Thus the cleaned data set on which the analysis in this report is done

stormdat

str(stormdat)
## 'data.frame':    201318 obs. of  8 variables:
##  $ correctedEventType  : chr  "Winter Storm" "Tornado" "Thunderstorm Wind" "Thunderstorm Wind" ...
##  $ year                : chr  "1996" "1996" "1996" "1996" ...
##  $ region              : chr  "South" "South" "South" "South" ...
##  $ fatalities          : num  0 0 0 0 0 0 0 0 0 0 ...
##  $ injuries            : num  0 0 0 0 0 0 0 0 0 0 ...
##  $ propertyDamageBurden: num  380000 100000 3000 5000 2000 400000 12000 8000 12000 75000 ...
##  $ cropDamageBurden    : num  38000 0 0 0 0 0 0 0 0 0 ...
##  $ refnum              : num  248768 248769 248770 248771 248772 ...

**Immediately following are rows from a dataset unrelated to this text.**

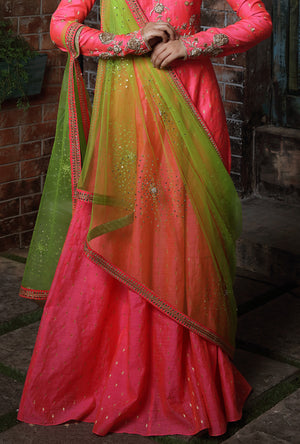 Pink Embroidered Anarkali Suit - Desi Royale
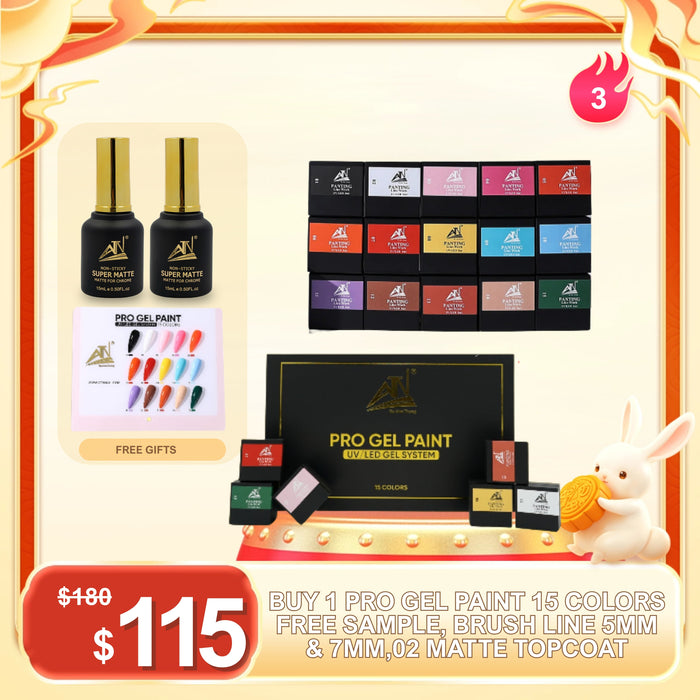 FS0923 – BUY 1 PRO GEL PAINT 15 COLORS GET FREE SAMPLE, LINER BRUSH 5MM & 7MM, 2 MATTE TOP COATS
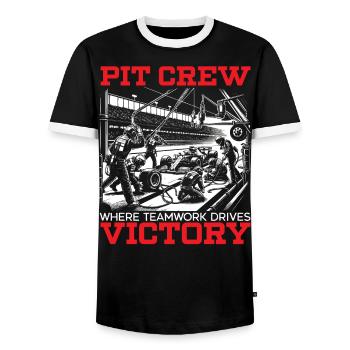 Pit Crew Course de voitures Course Piste de course Sport automobile - T-shirt contrasté Homme - noir/blanc - Devant - AI Model Female 172 light (172cm) & AI Model Male 178 light (178cm)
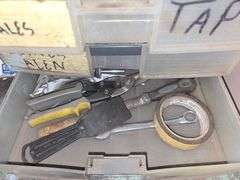 7-DRAWER PLASTIC ORGANIZER FULL OF TOOLS AND HARDWARE APROX 15"x11"x25"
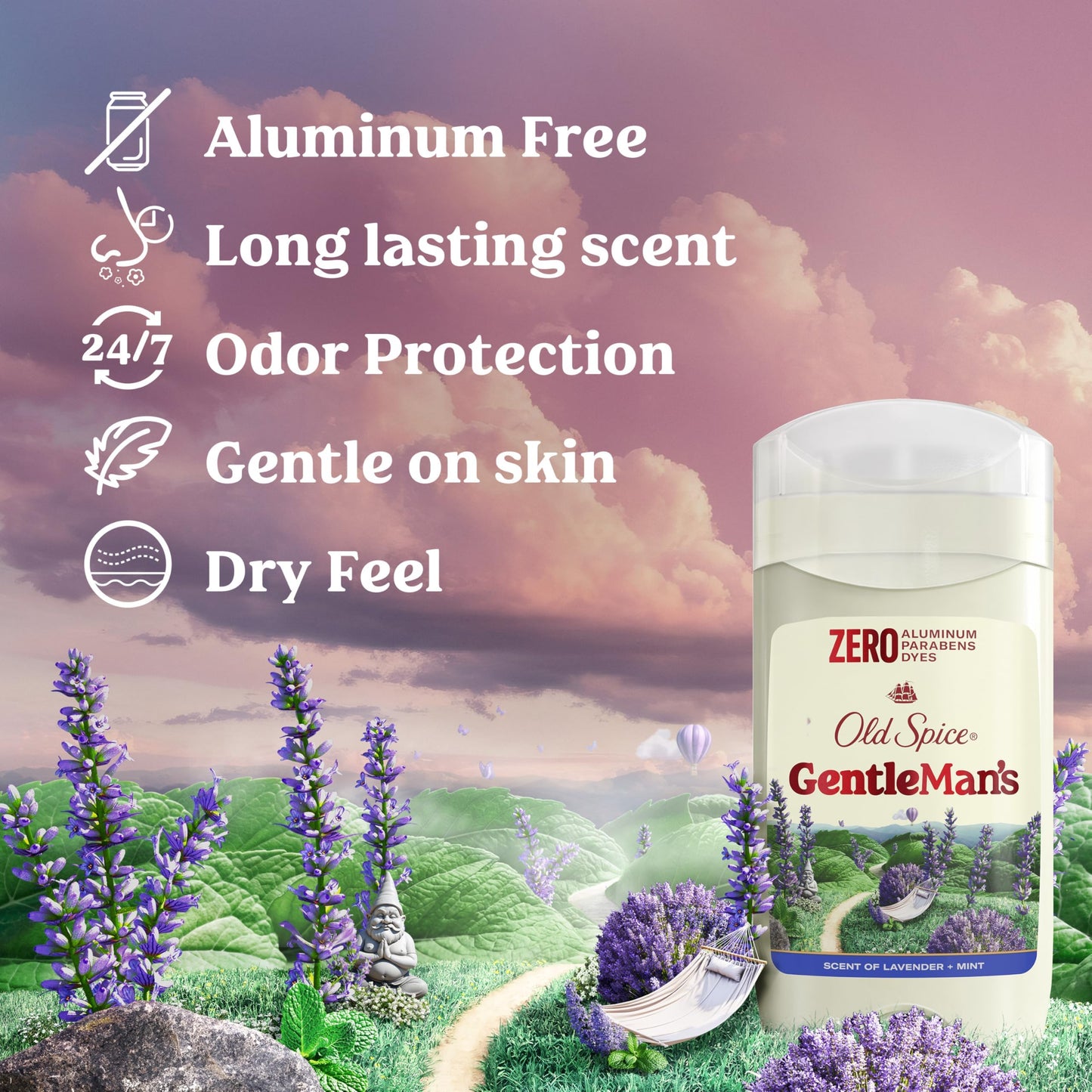 Old Spice GentleMan's Aluminum Free Dry Feel Deodorant for Men, 24/7 Lasting Freshness, Gentle on Skin with Skin Conditioners, Lavender + Mint Scent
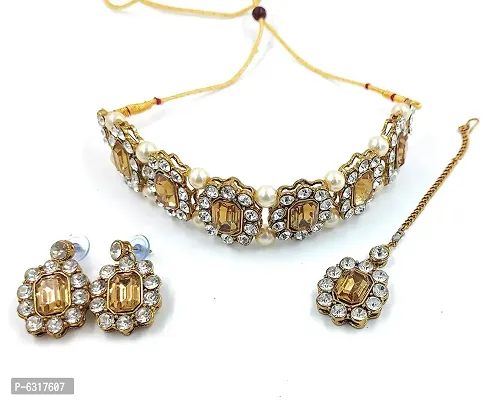 Shimmering Golden Stones And Pearl Choker Necklace With Matching Earrings And Maang Tikka Set For Women-thumb3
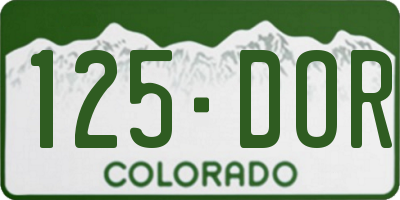 CO license plate 125DOR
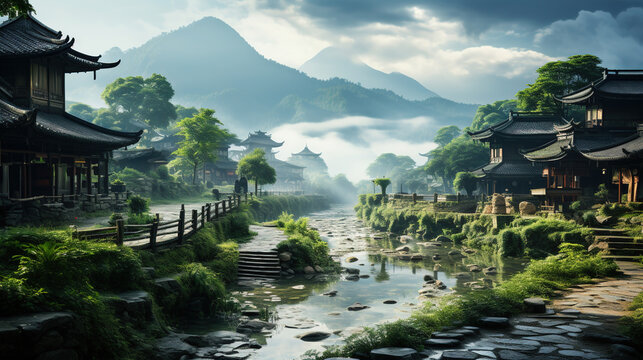 River Floating Through Chinese Ancient Village Foggy Mountains and Agriculture Field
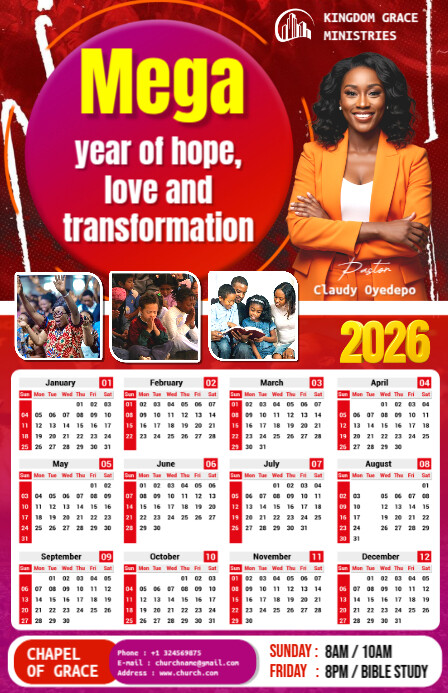 White Professional Church Calendar 2026 Tabloid Template | PosterMyWall
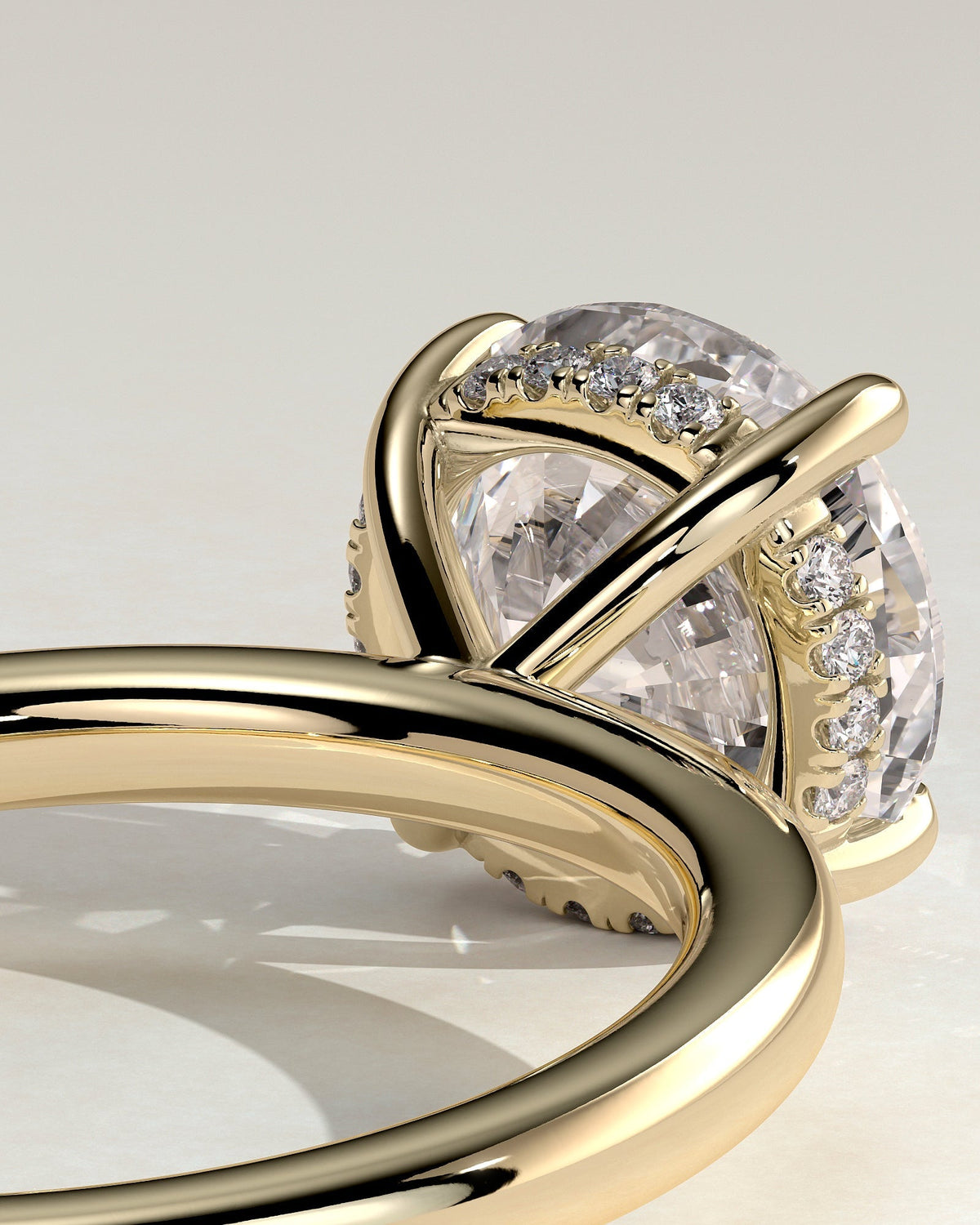 Round Hidden Halo Lab Grown Diamond Engagement Ring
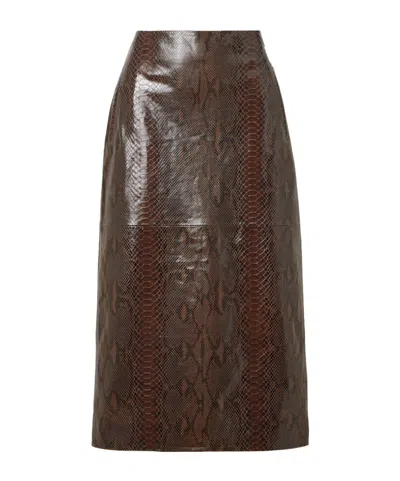 Dodo Bar Or Faux Snake Leather Midi Skirt In Brown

Code Book for this data set

ANALYSIS

The following analysis was done to arrive at the results,

Summarizing data by event type

Creating a summary data frame which summarizes the total number of fatalities and injuries, total property(in billions of US dollars) and crop damage(in billions of US dollars) burden and frequency of each event type. Mean values of each variable is also added to provide additional information on events which occur very rarely but have devastating effects. Total burden on population health and economy(in billions of US dollars) is also added

stormDataSummary <- stormdat %>%
    summarise(totalFatalities = sum(fatalities),
              meanFatalities = round(mean(fatalities), 2),
              totalInjuries = sum(injuries),
              meanInjuries = round(mean(injuries), 2),
              totalHealthBurden = totalFatalities + totalInjuries,
              totalPropertyDamageBurden = round(sum(propertyDamageBurden)/10^9, 2),
              totalCropDamageBurden = round(sum(cropDamageBurden)/10^9, 2),
              totalEconomicBurden = totalPropertyDamageBurden + totalCropDamageBurden,
              eventFrequency = length(correctedEventType),
              .by = correctedEventType)
# This will be used to figure out the top events

The top event types for effect on population health and economy were selected by first by getting the top 5 events for each sub category of effect like fatalities, injuries, property damage expenses, crop damage expenses and then both the lists were combined to make sure the effect is not being confounded by the sub categories

Analysis for the effects on population health

  • Top 5 Events with maximum fatalities
fatalityIndex <- order(stormDataSummary$totalFatalities, decreasing = TRUE)[1:5]
top5Fatalities <- stormDataSummary$correctedEventType[fatalityIndex]
  • Top 5 Events with maximum injuries
injuryIndex <- order(stormDataSummary$totalInjuries, decreasing = TRUE)[1:5]
top5Injuries <- stormDataSummary$correctedEventType[injuryIndex]
  • Most harmful events with respect to population health
topEventsbyHealth <- unique(c(top5Fatalities, top5Injuries))
  • Special Addition : Tsunami event type was also added to this since it had the maximum mean fatalities and injuries as compared to any other events but it did not make it into the top 5 list for either variable due to the low number of occurrences since the sum(total) statistic is highly influenced by the frequency of the event
topEventsbyHealth <- c(topEventsbyHealth, "Tsunami")
  • Creating the index for these events
healthIndex <- which(stormdat$correctedEventType %in% topEventsbyHealth)
  • Creating a table for these top events
ind1 <- which(stormDataSummary$correctedEventType %in% topEventsbyHealth)
topHealthEventsSummary <- stormDataSummary[ind1,] %>%
    select(correctedEventType, totalHealthBurden,
           totalFatalities, totalInjuries,
           meanFatalities, meanInjuries, eventFrequency) %>%
    arrange(desc(totalHealthBurden))
# This will be used later to create a table
  • Summarizing the data only for these events by event type for each year
# Calculating the total fatalities and injuries and creating a factor column
# to separate the 2 statistics
totalFatalities <- stormdat[healthIndex,] %>%
    summarise(total = sum(fatalities), .by = c("correctedEventType", "year")) %>%
    mutate(healthEffect = "Fatalities")
totalInjuries <- stormdat[healthIndex,] %>%
    summarise(total = sum(injuries), .by = c("correctedEventType", "year")) %>%
    mutate(healthEffect = "Direct Injuries")

# Combine the summaries
totalHealthEffect <- rbind(totalFatalities, totalInjuries)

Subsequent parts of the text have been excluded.